> **Exercise instructions**: Beginning at the line that contains "Red Geraniums Imprime: Geranium", reproduce the entries below exactly, ending with the line that contains "Frameset Roadbike INCOLOR SSR". Omit each picture.

> **Data supplied**:
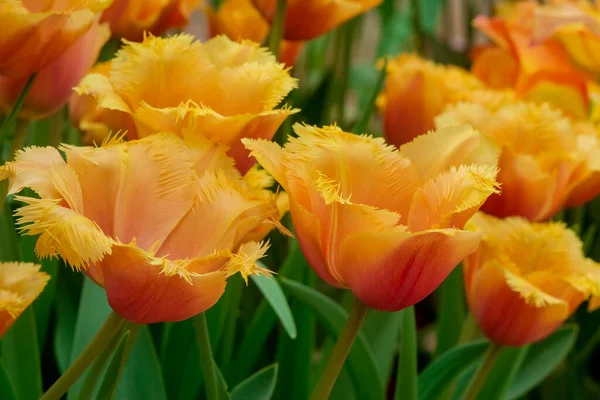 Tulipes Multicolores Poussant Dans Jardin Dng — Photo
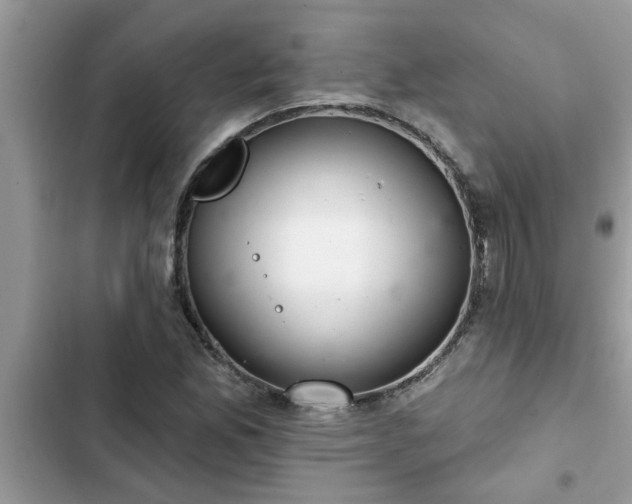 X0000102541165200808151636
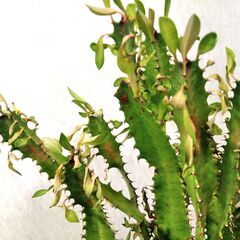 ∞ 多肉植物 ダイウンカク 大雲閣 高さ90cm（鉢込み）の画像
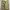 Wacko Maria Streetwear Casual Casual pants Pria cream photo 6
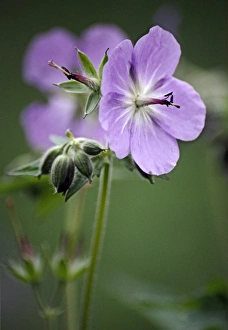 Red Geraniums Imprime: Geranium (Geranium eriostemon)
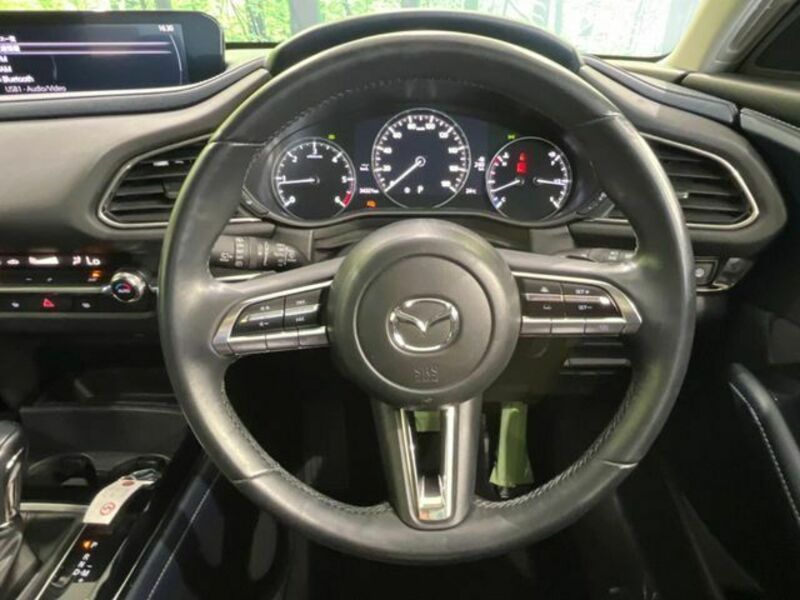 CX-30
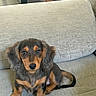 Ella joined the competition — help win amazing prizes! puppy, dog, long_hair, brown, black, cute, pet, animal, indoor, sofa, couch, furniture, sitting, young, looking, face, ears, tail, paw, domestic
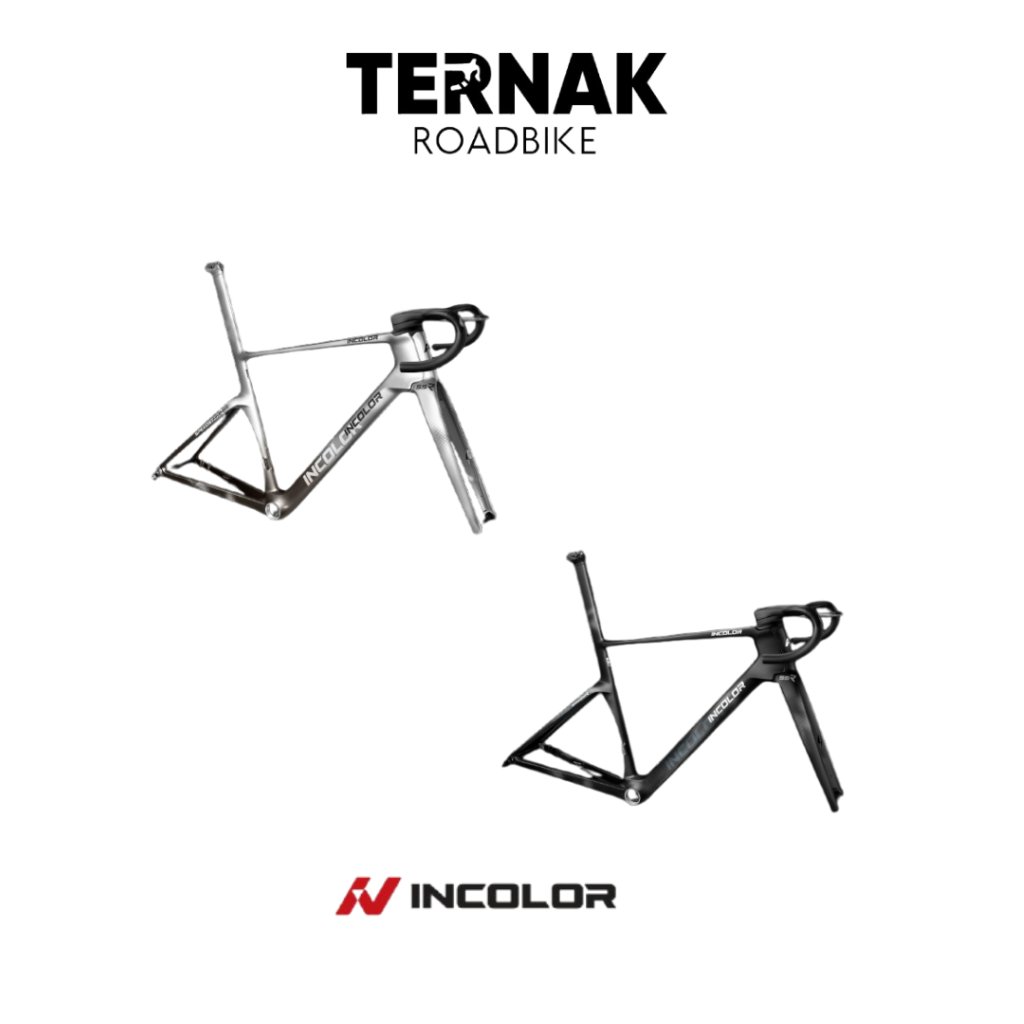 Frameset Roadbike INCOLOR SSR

---

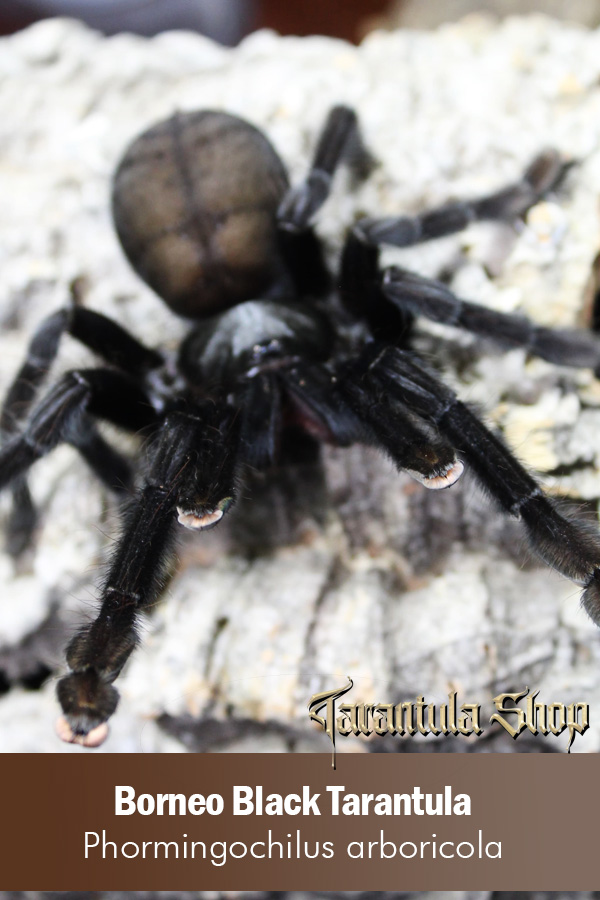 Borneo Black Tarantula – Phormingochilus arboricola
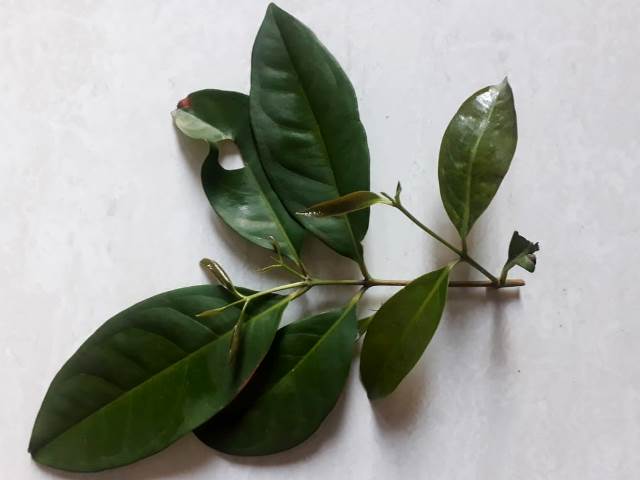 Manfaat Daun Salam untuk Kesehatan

> **Answer**:
 Red Geraniums Imprime: Geranium (Geranium eriostemon)
 CX-30
 Ella joined the competition — help win amazing prizes! puppy, dog, long_hair, brown, black, cute, pet, animal, indoor, sofa, couch, furniture, sitting, young, looking, face, ears, tail, paw, domestic
 Frameset Roadbike INCOLOR SSR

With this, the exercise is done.